George Orwell assessment of Gandhi - 1949; My view: Britain-India friendly relationship of equals today was enabled by Gandhi's non-violent & without hatred approach

An interesting assessment of Gandhi by famous English writer and intellectual of those days, George Orwell: "‘Reflections on Gandhi’: George Orwell’s assessment of Mahatma Gandhi after his assassination", https://scroll.in/article/852522/reflections-on-gandhi-george-orwells-famous-review-of-gandhis-my-experiments-with-truth, (first) published in 1949.

George Orwell writes in this article (in 1949), "And if, as may happen, India and Britain finally settle down into a decent and friendly relationship, will this be partly because Gandhi, by keeping up his struggle obstinately and without hatred, disinfected the political air?"

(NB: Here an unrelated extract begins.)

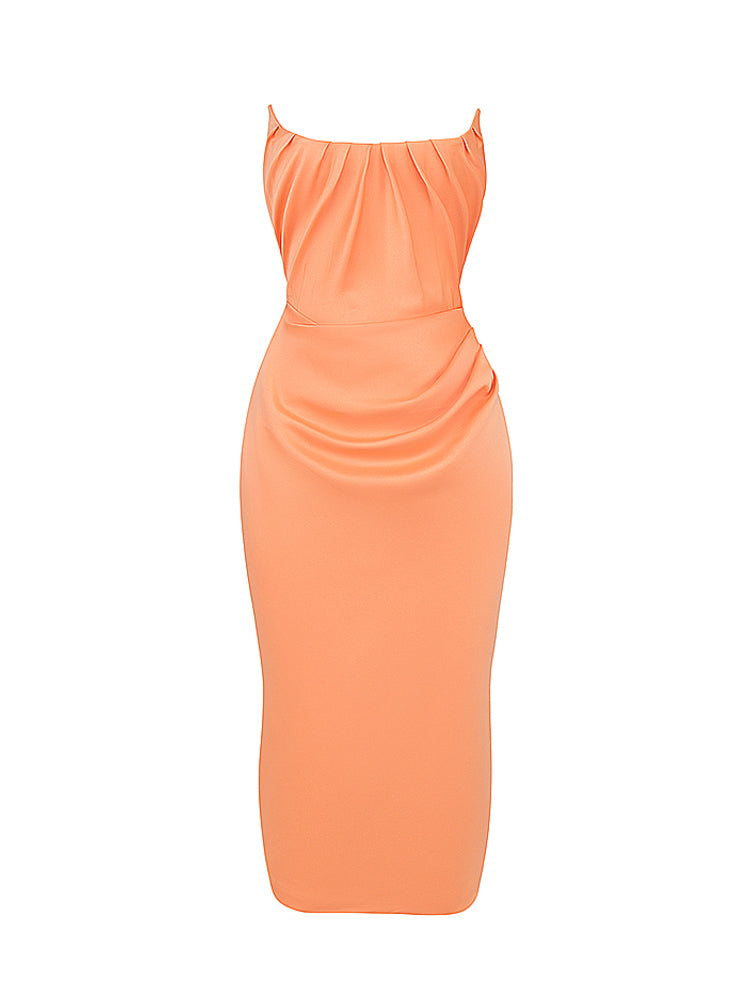 Strapless Corset Ruched Peaked Neck Midi Dress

Ravi: I think it surely is true that significantly because of Mahatma Gandhi, 70 years today after India attained independence from the British and 68 years after the above article of George Orwell, India and Britain have a friendly relationship! Quite recently, the British Prime Minister, Theresa May, a Conservative, visited and worshipped at a Hindu temple in Bangalore dressed in an Indian sari, along with her husband, I think (see https://ravisiyer.blogspot.com/2016/11/theresa-may-prays-at-hindu-temple-in.html)! On the invitation of former British Prime Minister, David Cameron, a Conservative again, Indian PM Narendra Modi addressed British parliamentarians in the British parliament two years ago, and that address was well received by the British parliamentarians (see https://ravisiyermisc.blogspot.com/2015/11/pm-narendra-modis-address-to-british.html)!

Winston Churchill, a Conservative, who mocked and attempted to humiliate Gandhi by calling him a "half-naked fakir", would never have dreamed that in less than a century after India attained independence from the British, Britain and India would be good friends in a relationship of equals between two democratic countries! I think it is the non-violence and without hatred towards British colonizers approach of Gandhi (and other leaders of India's independence struggle like Nehru), along with British leaders of that time (Labour government mainly, I guess), that paved the way for what we see now in Britain-India friendship of equals in 2017.